Leave the pictures out and return every line below exactly.

> [Data excerpt]:

======

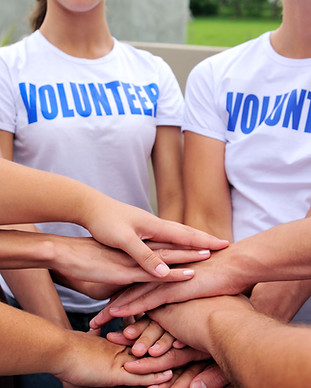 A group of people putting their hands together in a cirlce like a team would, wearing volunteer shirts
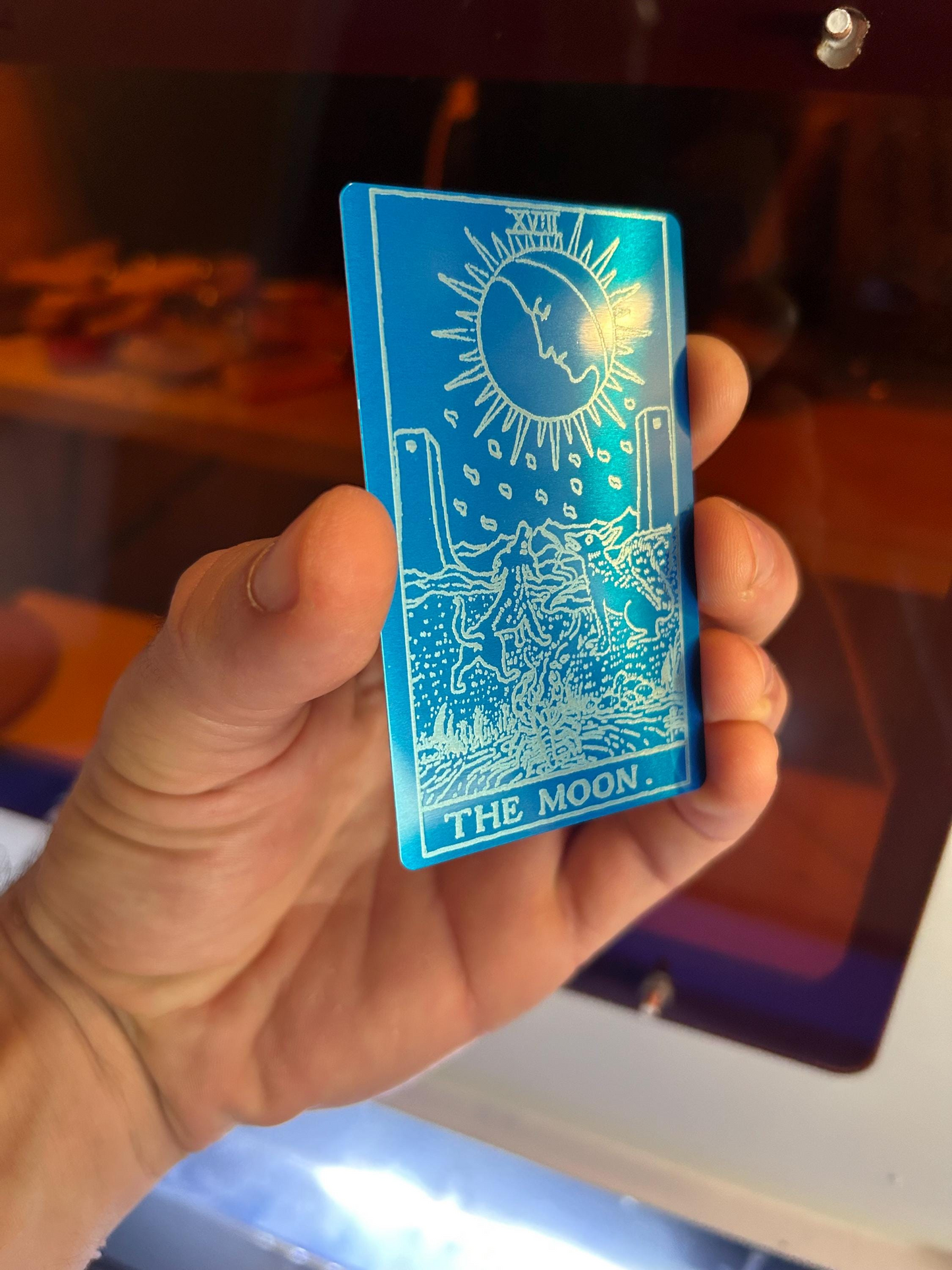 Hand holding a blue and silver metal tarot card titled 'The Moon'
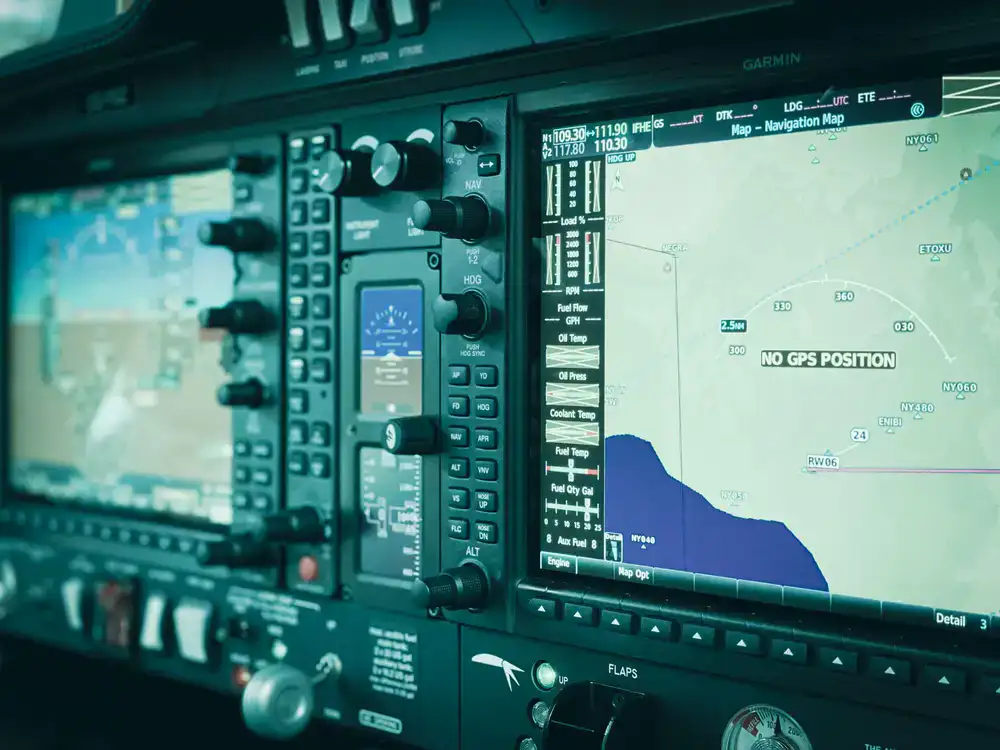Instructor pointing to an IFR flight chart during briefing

======

> [Result below]:
 A group of people putting their hands together in a cirlce like a team would, wearing volunteer shirts
 Hand holding a blue and silver metal tarot card titled 'The Moon'
Instructor pointing to an IFR flight chart during briefing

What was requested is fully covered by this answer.